LONDON-European property investment in 13 produced returns of 10.4% last year, according to a new pan-European index launched by Investment Property Databank. Real estate investment returns were up from 7.4% in 2003 and 7.3% the year before in local currency terms.
IPD is launching a Europe-wide index to meet what it sees as growing demand for clear data on investing in property, which has drawn big inflows in recent years from investors burned by the end of the dot-com boom in stocks.
"Transparency [of returns] is key to unlocking international capital investment in your market. …In 10 years' time, there may be hundreds of pan-European funds," Ian Cullen, director, head of systems and information systems at IPD, told a press briefing.

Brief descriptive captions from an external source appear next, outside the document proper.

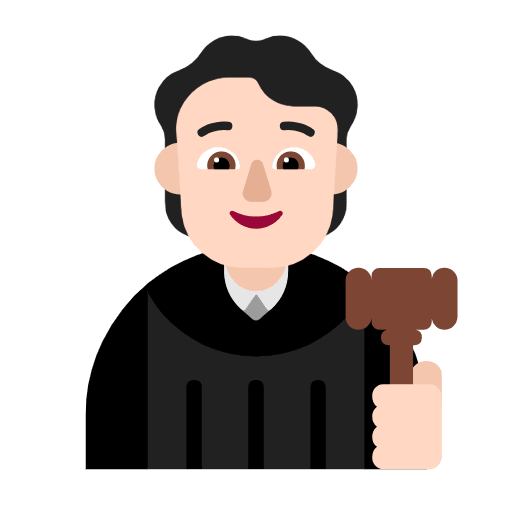 Microsoft design of the judge: light skin tone emoji verson:Windows-11-23H2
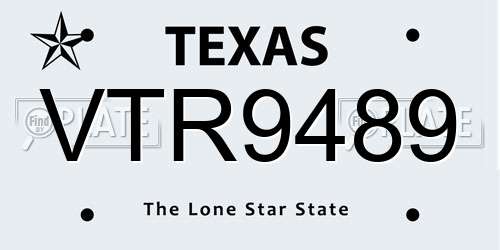 VTR9489 Texas License Plate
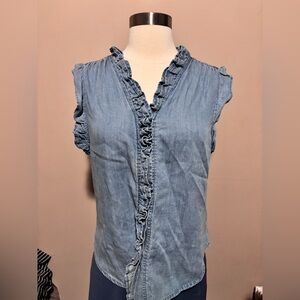 Elegant Ruffled Sleeveless Blue Blouse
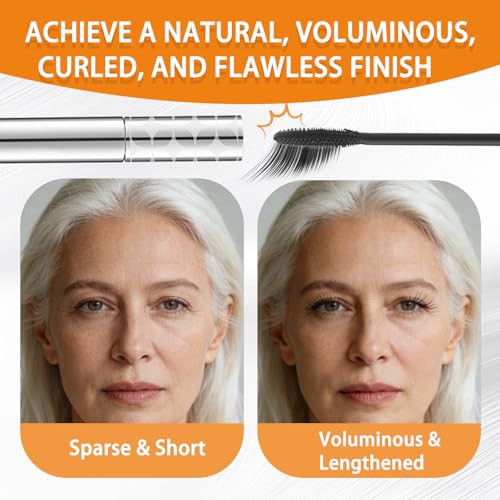 2 Pcs Negro Mascara de Pestañas Waterproof, Máscara de Pestañas Diseñada Específicamente para Mujeres Maduras, Volumen Duradero sin Grumos, Ideal para Pestañas Finas, Cortas y Escasas - imagen 3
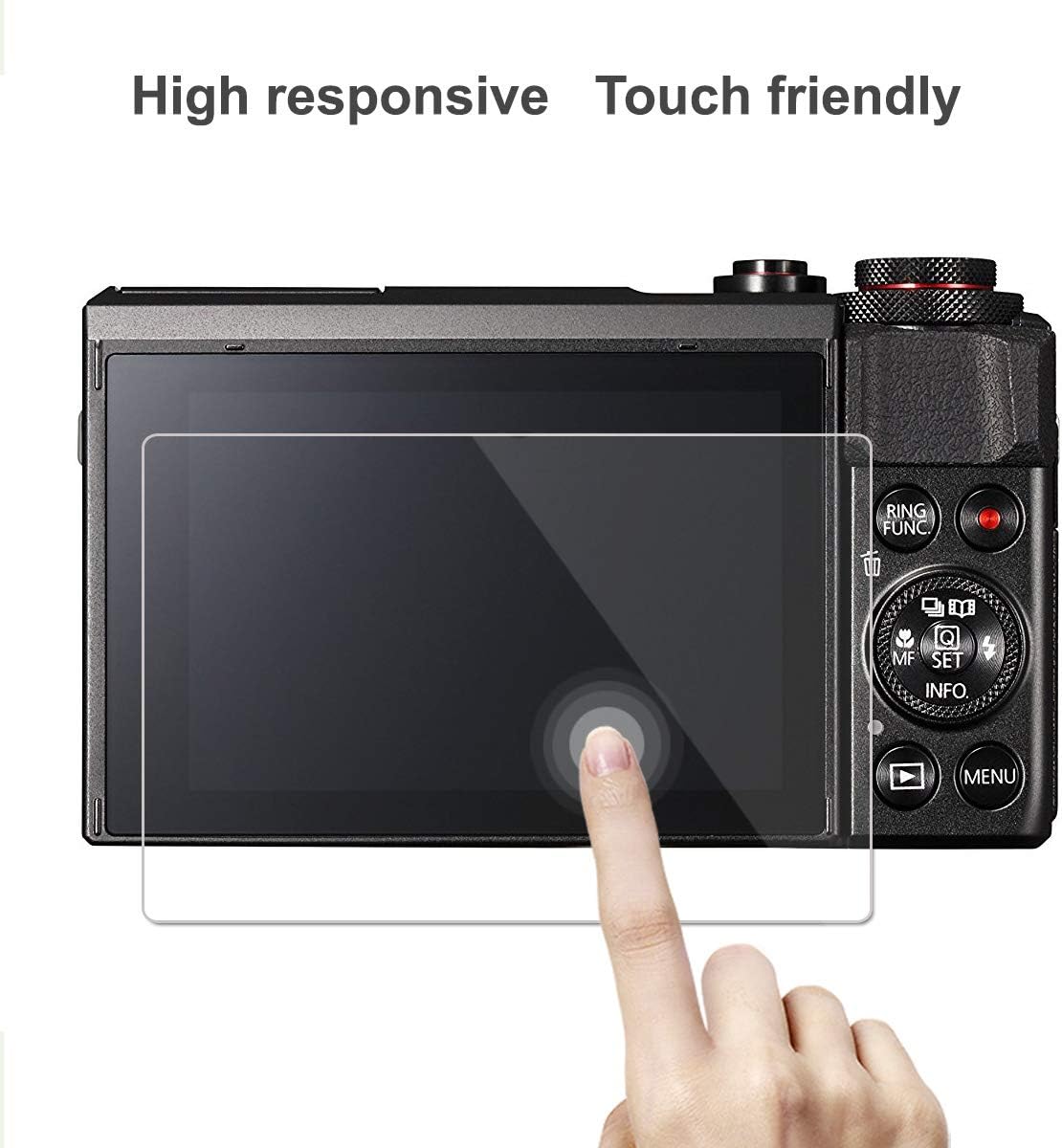 Detalle de OOTSR 4 Stück Display-Schutzfolie aus Glas für Canon G7X Mark II, G9X, G9X II, G7X, G5X – 9H Panzerglas mit 2,5D Rundkante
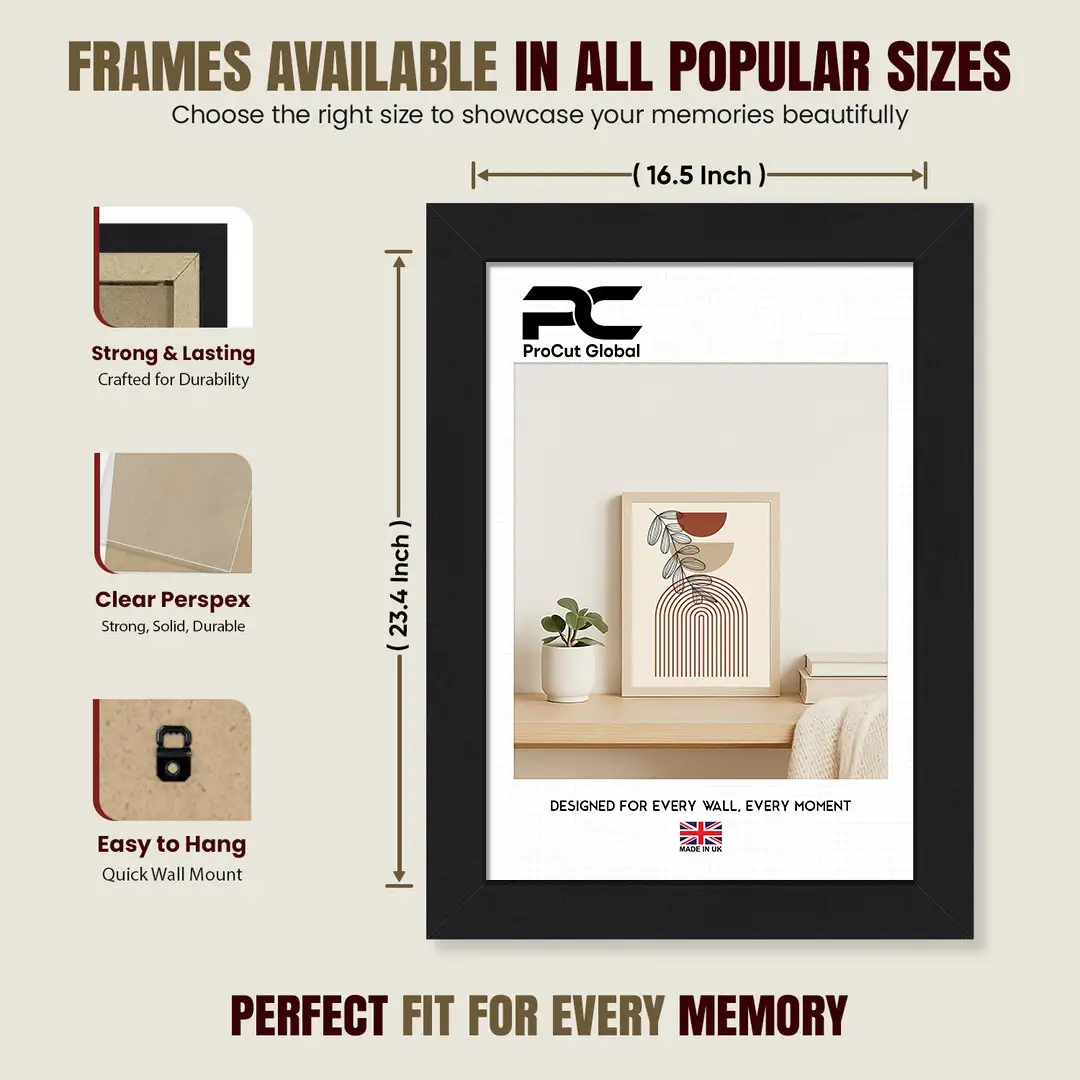 A2 Modern Matte Black Picture Frame - Premium Photo Frame With Perspex Front thumbnail 4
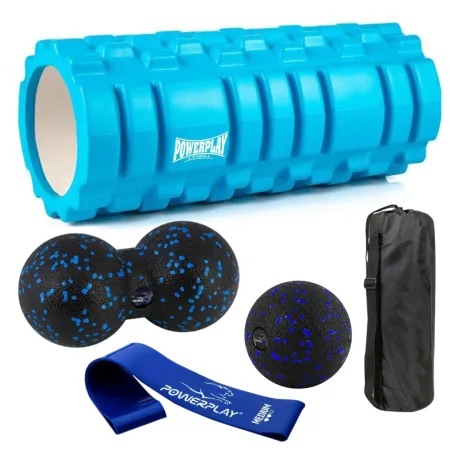Набір для масажу та йоги PowerPlay PP_4096 (ролик 33*14 + 2-ва мячі) Blue + резинка 7,5 кг.
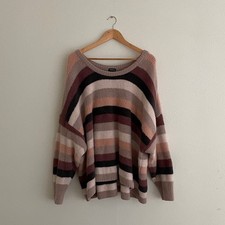 Torrid Striped Drop Shoulder Sweater Tan Multi-Color Scoop picture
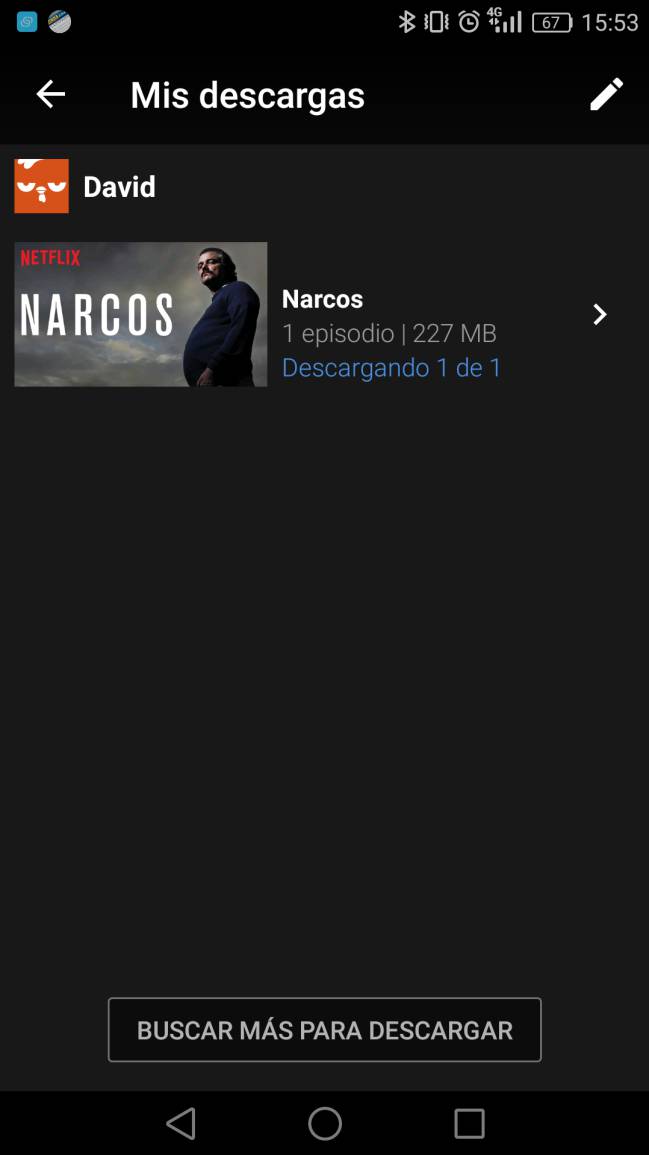 El peso de un capítulo de Narcos es e 227 MB.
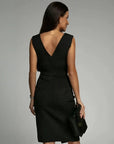Robe midi sans manches femme en tissu tissé – Coupe ajustée col en V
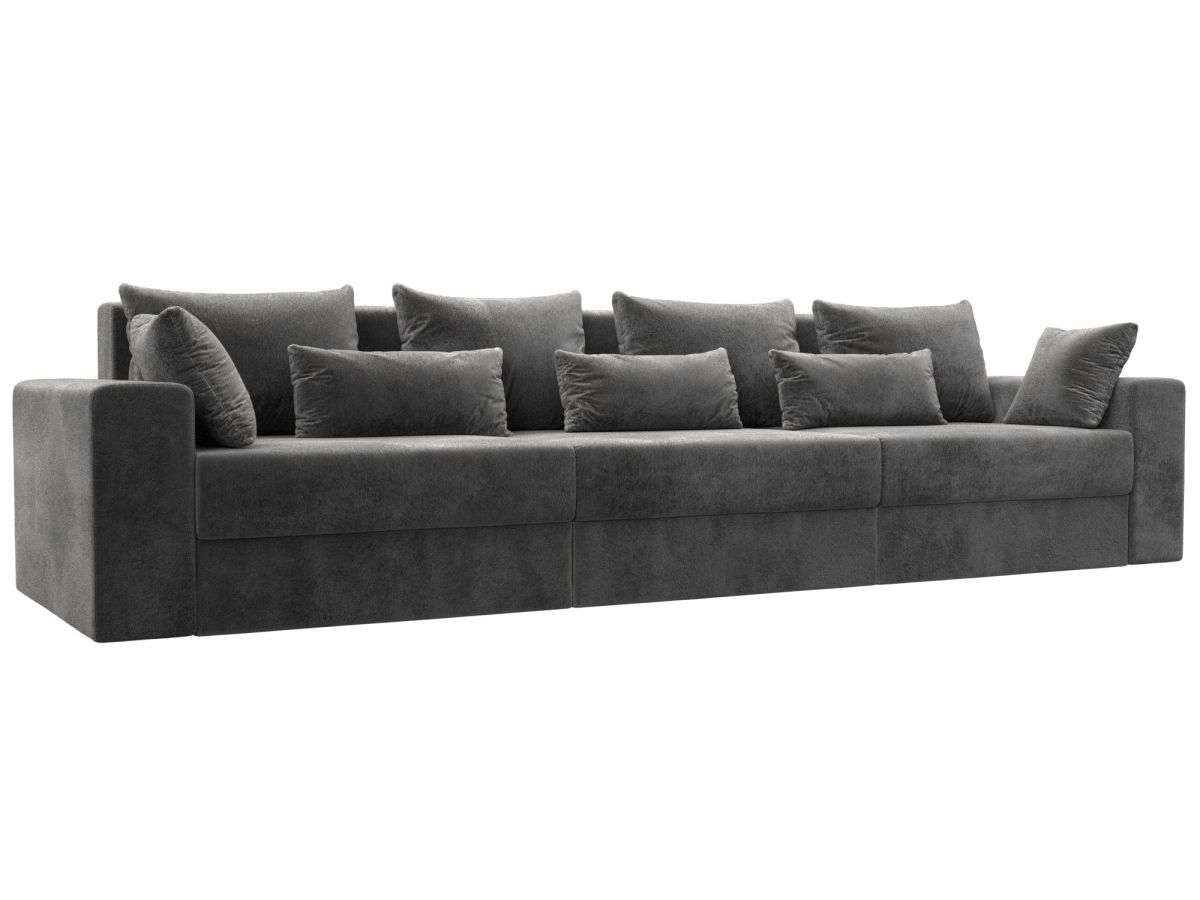 126757 Диван прямой Майами Long | велюр | tower 10 серый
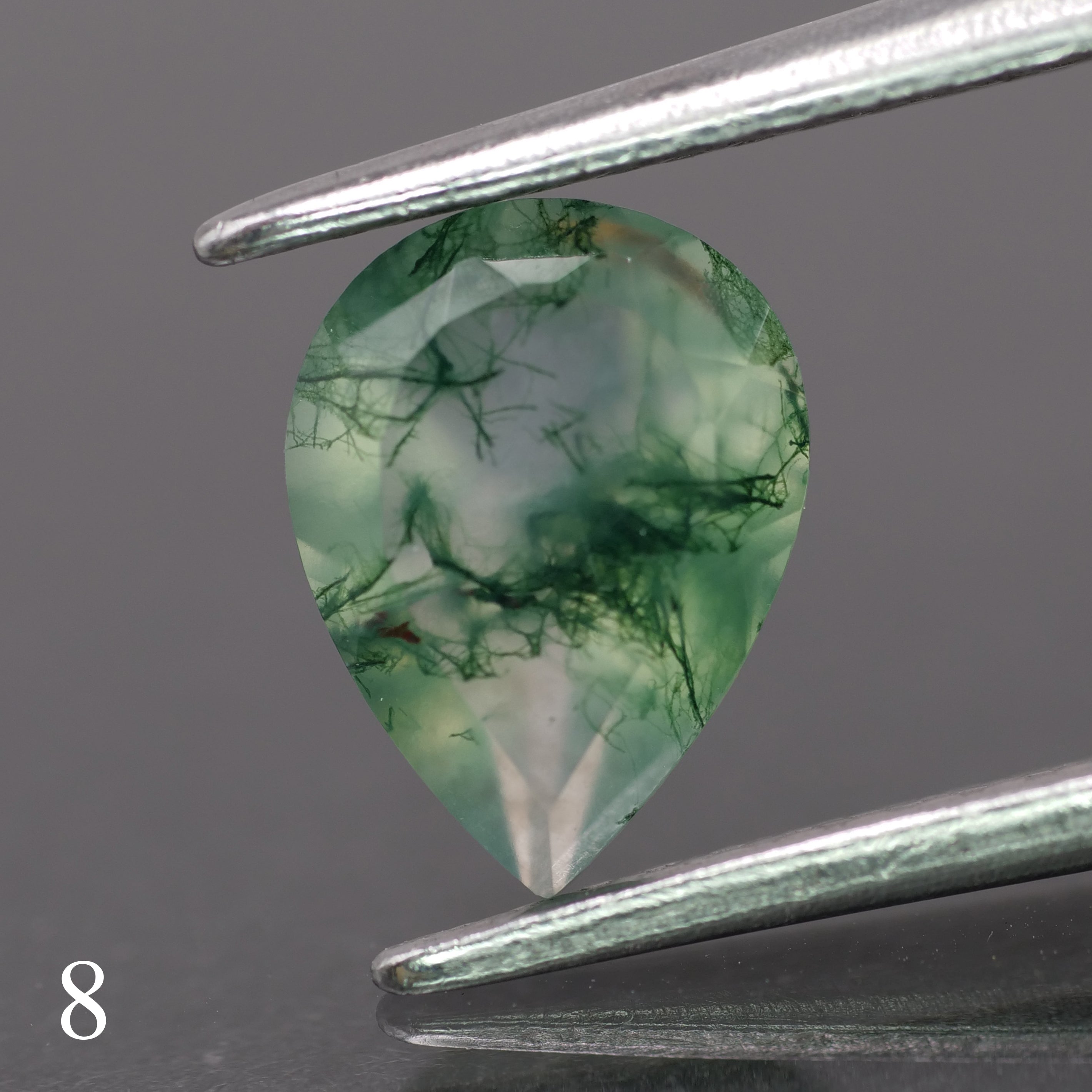 Moss agate | green color, pear-cut, 8x6mm, 0.80ct - choose yours - Eden Garden Jewelry™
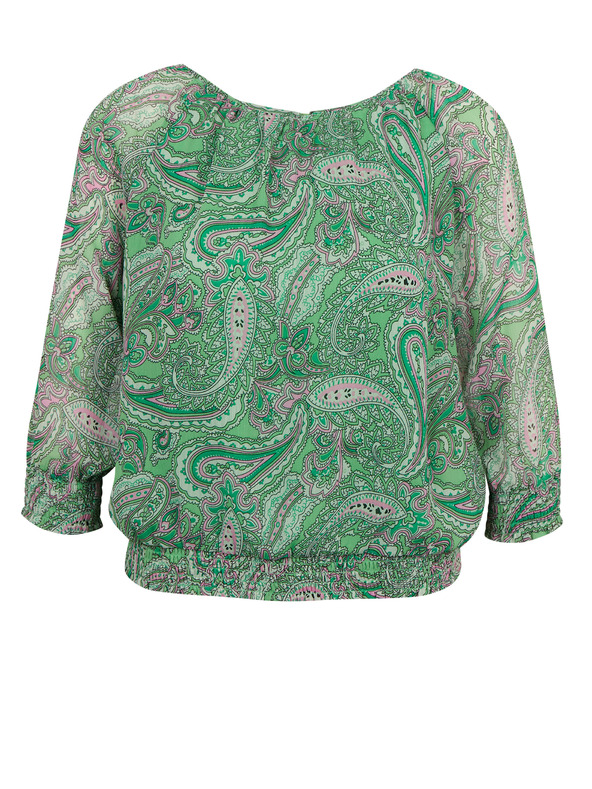 Orsay Grüne gemusterte Damenbluse ORSAY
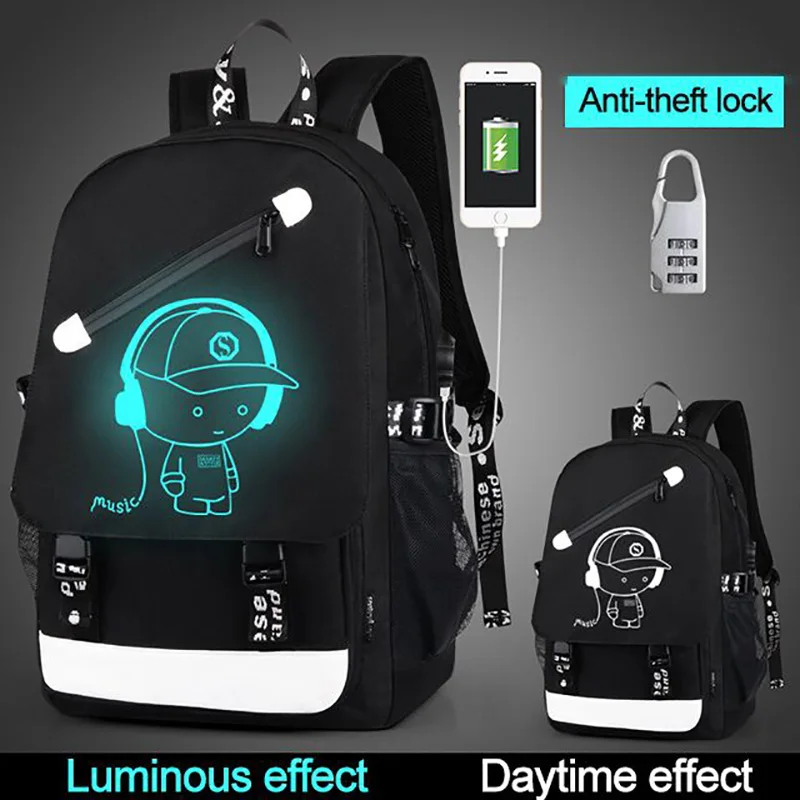 Вместительные школьные сумки рюкзак с usb зарядкой светящийся дорожный рюкзаки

The index is based on data covering 41% of the euro 1.017 trillion ($1.25 trillion) property investment market in Europe. Countries in the new index are Britain, Germany, France, Switzerland, Netherlands, Italy, Sweden, Finland, Denmark, Spain, Norway, Portugal and Ireland.
Data showed that retail property provided the strongest returns last year at around 15% in local currency terms. The index does not yet include returns from industrial property in part because of inadequate figures but Cullen is optimistic the sector may be included as the index develops.
But IPD cautioned investors against using the index as a benchmark for funds. The report adds that data is still being updated through broader geographic coverage and revisions to historical data.
The size of Britain's property market is reflected in its weighting in the new index. It accounts for 35.4% followed by Germany at 18.9% and France at 11.6 %. IPD is looking into indices in the Austrian and Belgian markets.